Back to Feast

MLflow Integration

docs/reference/mlflow.md

0.64.014.0 KB
Original Source

MLflow Integration

Feast provides native integration with MLflow for automatic feature lineage tracking alongside ML experiments. When enabled, every feature retrieval is logged to the active MLflow run.

Overview

  • Which features did this model use? -- auto-logged on every get_historical_features() / get_online_features() call
  • Which feature service should I use to serve this model? -- resolved from model URI via store.mlflow.resolve_features()
  • Can I reproduce the exact training data? -- entity DataFrame saved as an MLflow artifact
  • Which models break if I change a feature view? -- reverse index via the Feast UI /api/mlflow-feature-usage endpoint
  • When was the feature store last updated? -- feast apply and feast materialize logged to a separate ops experiment

Capabilities

CapabilityHow
Auto-log feature metadataTags on every retrieval inside an active MLflow run
Entity DataFrame archivalentity_df.parquet artifact for full reproducibility
Model registration with lineagefeast.feature_service tag propagated to model versions
Training-to-prediction linkagestore.mlflow.load_model() links prediction runs back to training runs
Model-to-feature resolutionMap any model URI back to its Feast feature service
Operation audit trailfeast apply / feast materialize logged to {project}-feast-ops
store.mlflow APISingle entry point — zero import mlflow, zero client objects
Feast UI integrationPer-feature-view usage stats and registered model associations

Installation

MLflow is an optional dependency:

bash
pip install feast[mlflow]

Configuration

Add the mlflow section to your feature_store.yaml:

yaml
project: my_project
registry: data/registry.db
provider: local
online_store:
  type: sqlite
  path: data/online_store.db

mlflow:
  enabled: true
  tracking_uri: http://127.0.0.1:5000   # optional, falls back to MLFLOW_TRACKING_URI env var
  auto_log: true                         # default
  auto_log_entity_df: false              # default
  entity_df_max_rows: 100000             # default
  log_operations: false                  # default
  ops_experiment_suffix: "-feast-ops"    # default

Configuration options

OptionTypeDefaultDescription
enabledboolfalseMaster switch for the entire integration
tracking_uristring(none)MLflow tracking server URI. Falls back to MLFLOW_TRACKING_URI env var, then MLflow default (./mlruns)
auto_logbooltrueAutomatically log feature metadata on every retrieval when an active MLflow run exists
auto_log_entity_dfboolfalseSave the entity DataFrame as entity_df.parquet artifact on historical retrieval
entity_df_max_rowsint100000Skip entity DataFrame artifact upload for DataFrames exceeding this limit
log_operationsboolfalseLog feast apply and feast materialize to a separate MLflow experiment
ops_experiment_suffixstring"-feast-ops"Suffix appended to project name for the operations experiment

Tracking URI resolution

The tracking URI is resolved in this order:

  1. tracking_uri field in feature_store.yaml
  2. MLFLOW_TRACKING_URI environment variable
  3. MLflow's default (./mlruns local directory)

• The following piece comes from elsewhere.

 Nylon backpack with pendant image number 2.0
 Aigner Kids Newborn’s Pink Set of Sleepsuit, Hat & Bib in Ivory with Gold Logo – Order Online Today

This means you can omit tracking_uri from the YAML and set MLFLOW_TRACKING_URI in your environment instead, or it would be pulled from ./mlruns automatically when both are not set.

What gets logged

Tags on retrieval runs

When auto_log: true and an active MLflow run exists, each get_historical_features() or get_online_features() call records:

TagExampleDescription
feast.projectmy_projectFeast project name
feast.retrieval_typehistorical / onlineType of feature retrieval
feast.feature_servicedriver_activity_v1Auto-resolved feature service name (if matched)
feast.feature_viewsdriver_hourly_statsComma-separated feature view names
feast.feature_refsdriver_hourly_stats:conv_rate,...All feature references
feast.entity_count200Number of entities in the request
feast.feature_count5Number of features retrieved

Metrics

MetricExampleDescription
feast.job_submission_sec0.4321Feature retrieval duration in seconds

Artifacts

When auto_log_entity_df: true and the entity DataFrame has fewer than entity_df_max_rows rows:

ArtifactDescription
entity_df.parquetFull entity DataFrame used in the retrieval

When a model is logged via store.mlflow.log_model():

ArtifactDescription
feast_features.jsonJSON list of feature references the model was trained on

Entity DataFrame metadata

Regardless of auto_log_entity_df, the following metadata is logged when present:

Tag / ParamWhenDescription
feast.entity_df_typeAlwaysdataframe, sql, or range
feast.entity_df_rowsDataFrame inputRow count
feast.entity_df_columnsDataFrame inputColumn names
feast.entity_df_querySQL inputThe SQL query string
feast.start_date / feast.end_dateRange-based inputDate range

Operation logs

When log_operations: true, feast apply and feast materialize create self-contained runs in the {project}{ops_experiment_suffix} experiment (default: my_project-feast-ops):

Apply runs:

Tag / MetricExample
feast.operationapply
feast.projectmy_project
feast.feature_views_changeddriver_hourly_stats,order_stats
feast.feature_services_changeddriver_activity_v1
feast.entities_changeddriver,restaurant
feast.apply.feature_views_count2
feast.apply.feature_services_count1
feast.apply.entities_count2

Materialize runs:

Tag / MetricExample
feast.operationmaterialize / materialize_incremental
feast.projectmy_project
feast.materialize.feature_viewsdriver_hourly_stats
feast.materialize.start_date2024-01-01T00:00:00
feast.materialize.end_date2024-01-02T00:00:00
feast.materialize.duration_sec12.3456

Usage

Automatic logging (zero code)

With the configuration above, feature metadata is logged automatically whenever there is an active MLflow run. No explicit import mlflow is needed — just use store.mlflow:

python
from feast import FeatureStore

store = FeatureStore(".")

with store.mlflow.start_run(run_name="my_training"):
    training_df = store.get_historical_features(
        features=store.get_feature_service("driver_activity_v1"),
        entity_df=entity_df,
    ).to_df()
    # The run is now tagged with feast.feature_refs, feast.feature_views, etc.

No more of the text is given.